**Task details**
Restate the listing that follows word for word, without its pictures.

**Dataset extract**
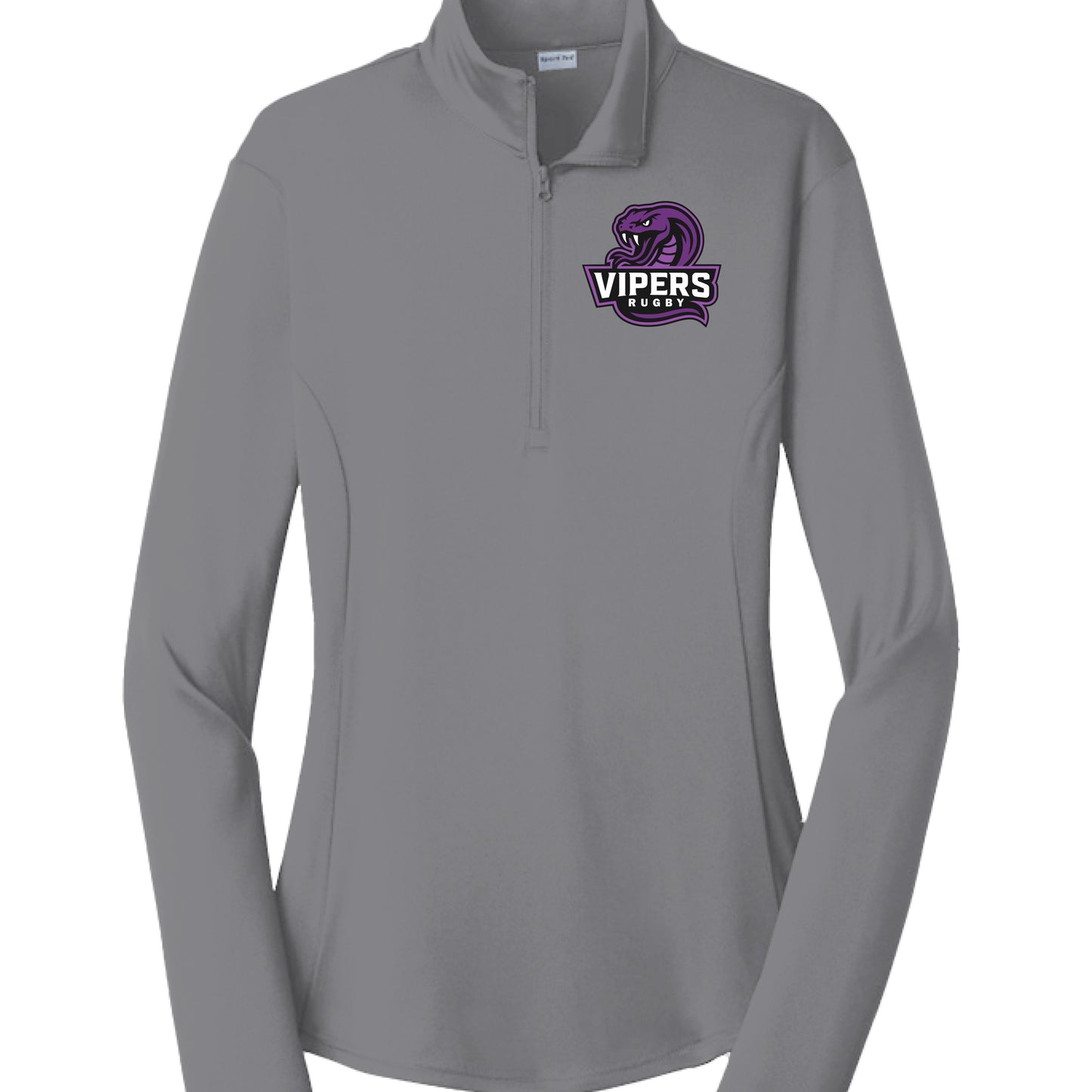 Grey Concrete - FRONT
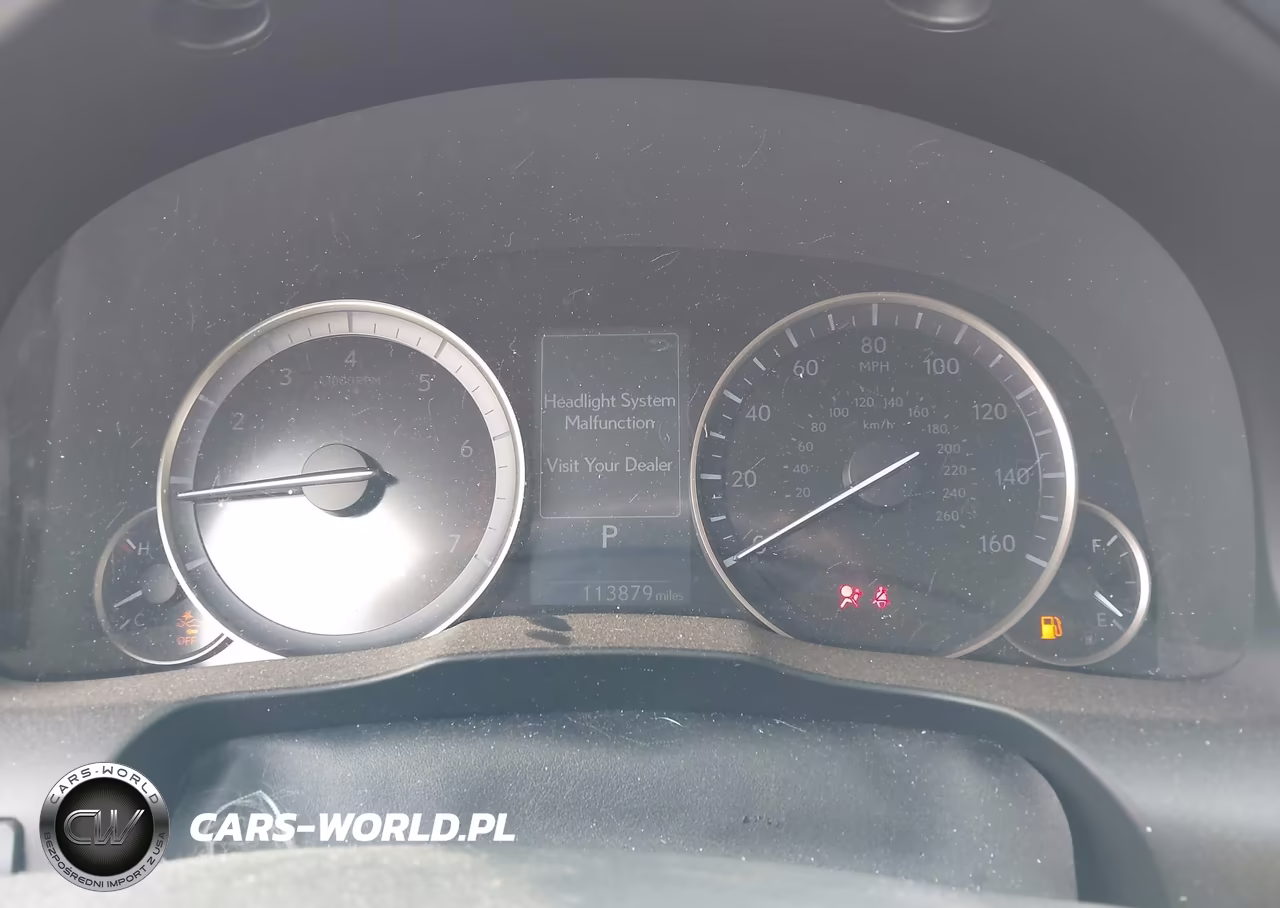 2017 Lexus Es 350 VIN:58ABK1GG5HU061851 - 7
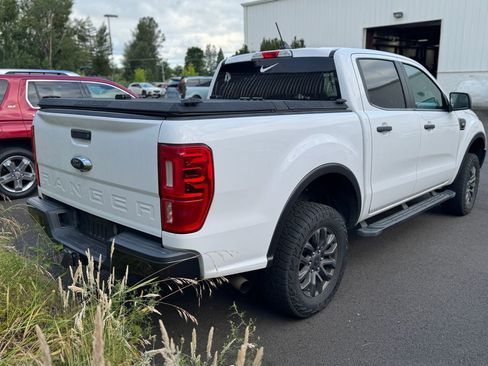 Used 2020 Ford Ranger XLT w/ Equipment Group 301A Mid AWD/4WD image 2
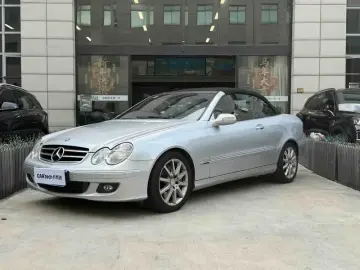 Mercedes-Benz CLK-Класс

**Exercise output**
 Grey Concrete - FRONT
 2017 Lexus Es 350 VIN:58ABK1GG5HU061851 - 7
 Used 2020 Ford Ranger XLT w/ Equipment Group 301A Mid AWD/4WD image 2
 Mercedes-Benz CLK-Класс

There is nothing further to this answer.